Chairman of the Joint Chiefs Army General Mark Milley, appearing with Defense Secretary Lloyd Austin at the Pentagon Thursday, said that a dozen aircraft will augment the withdrawal task force. In addition to two more B-52 bombers, now totaling six in Qatar, F-18 aircraft will also join the task force. The force also includes the USS Dwight Eisenhower aircraft carrier in the Arabian Sea.

Further, Milley said that the Afghans are capable of standing up to the Taliban without the support of the U.S.-coalition.

“They’re fighting for their own country now, so it’s not a foregone conclusion, in my professional military estimate, that the Taliban automatically win and Kabul falls, or any of those kinds of dire predictions,” Milley said. 

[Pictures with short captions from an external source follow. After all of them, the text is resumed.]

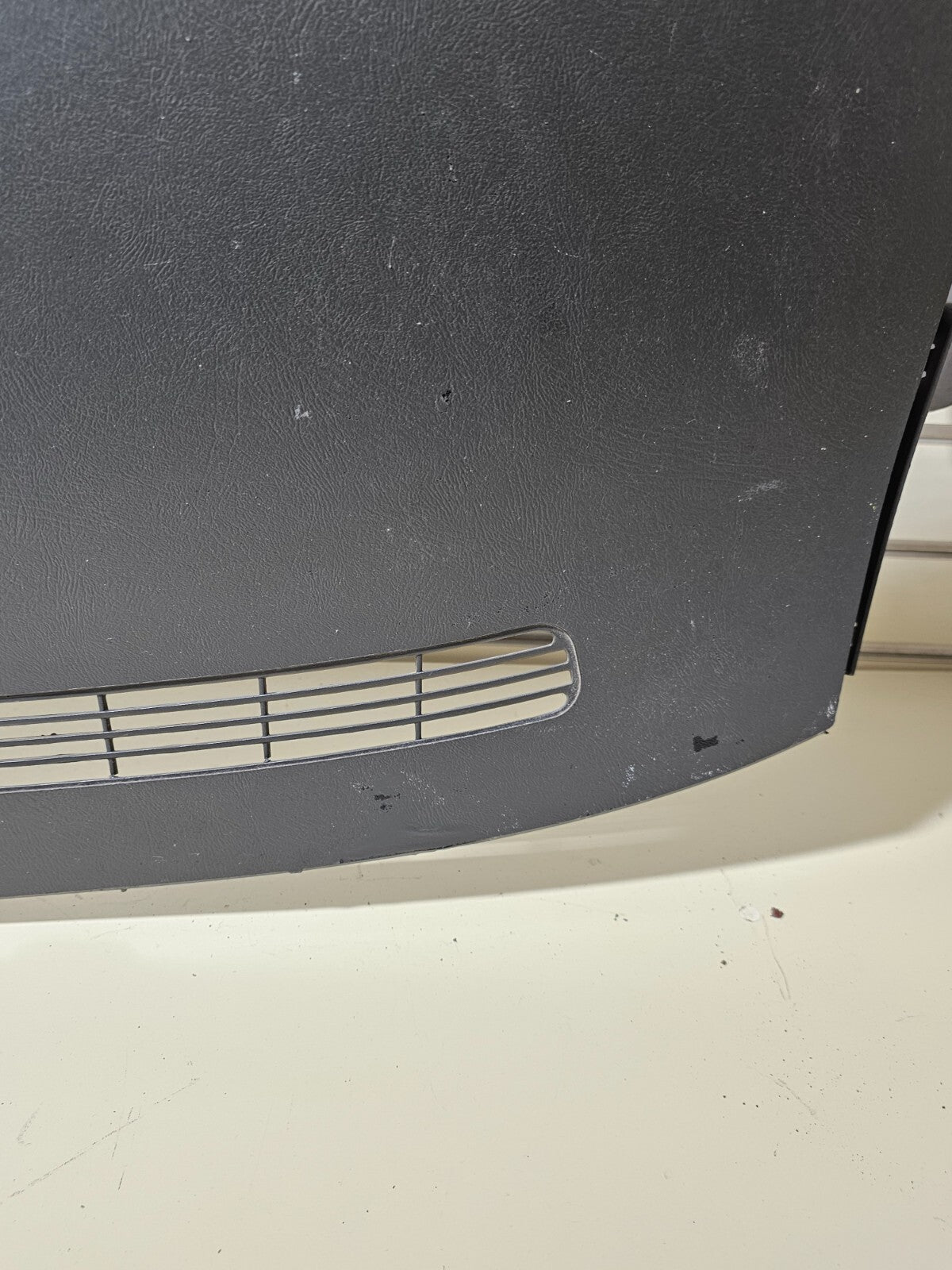 🔥99-06 SILVERADO SIERRA TAHOE Upper Cap Cover Top Dashboard Pad GRAPHITE DP1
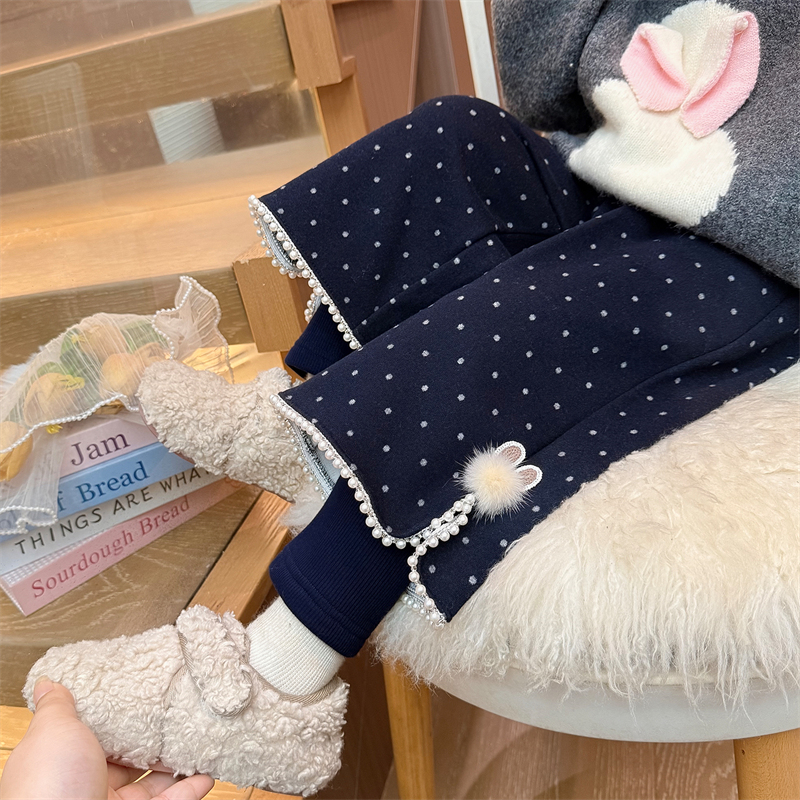 女童裤子2025波点加绒裤子秋冬款女宝宝一体绒花边休闲裤加厚长裤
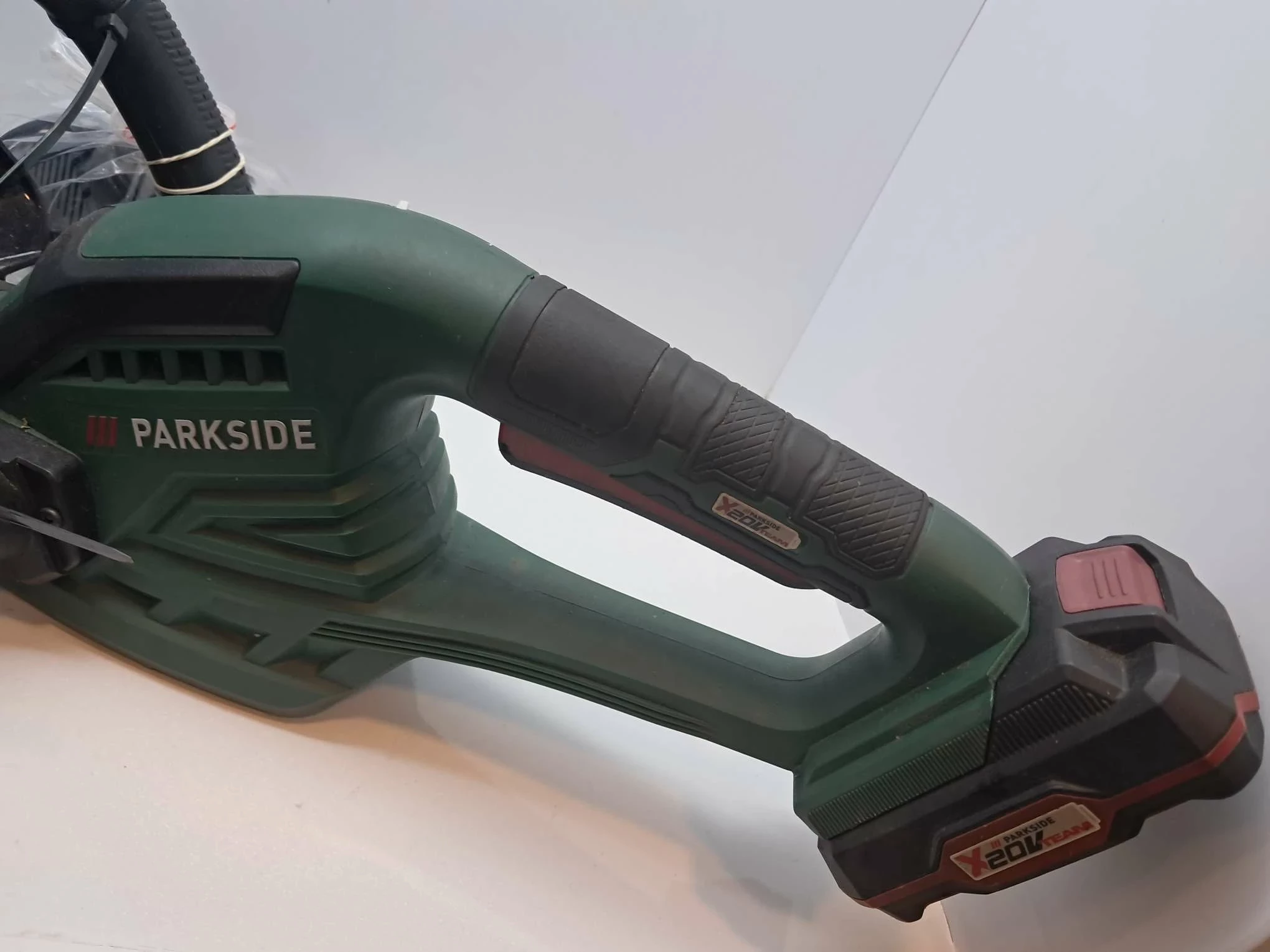 nozyce-do-zywoplotu-parkside-phsa-20-li-c3-ladowarka-marka-248811-951182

“That’s not a foregone conclusion. There’s a significant military capability in the Afghan government. We have to see how this plays out.”

Not Everyone Agrees With General Milley

This contrasts with the not-so-rosy assessment of Marine Corps Gen. Kenneth “Frank” McKenzie, commander of U.S. Central Command, who told Congress two weeks ago that the Afghan army “will certainly collapse” without coalition support.

“I am concerned about the Afghan military’s ability to hold on after we leave.”  

A B-52 bomber sits on an airfield in Qatar. The Pentagon has moved six B-52s to Qatar to cover the withdrawal of U.S. forces from Afghanistan. (USAF photo)

Austin added that holding off the Taliban without the U.S. support “will be a challenge” for the Afghans. Nevertheless, he mentioned that a government counterattack in Lashkar Gah, the capital of the restive Helmand province, is being conducted “fairly well.”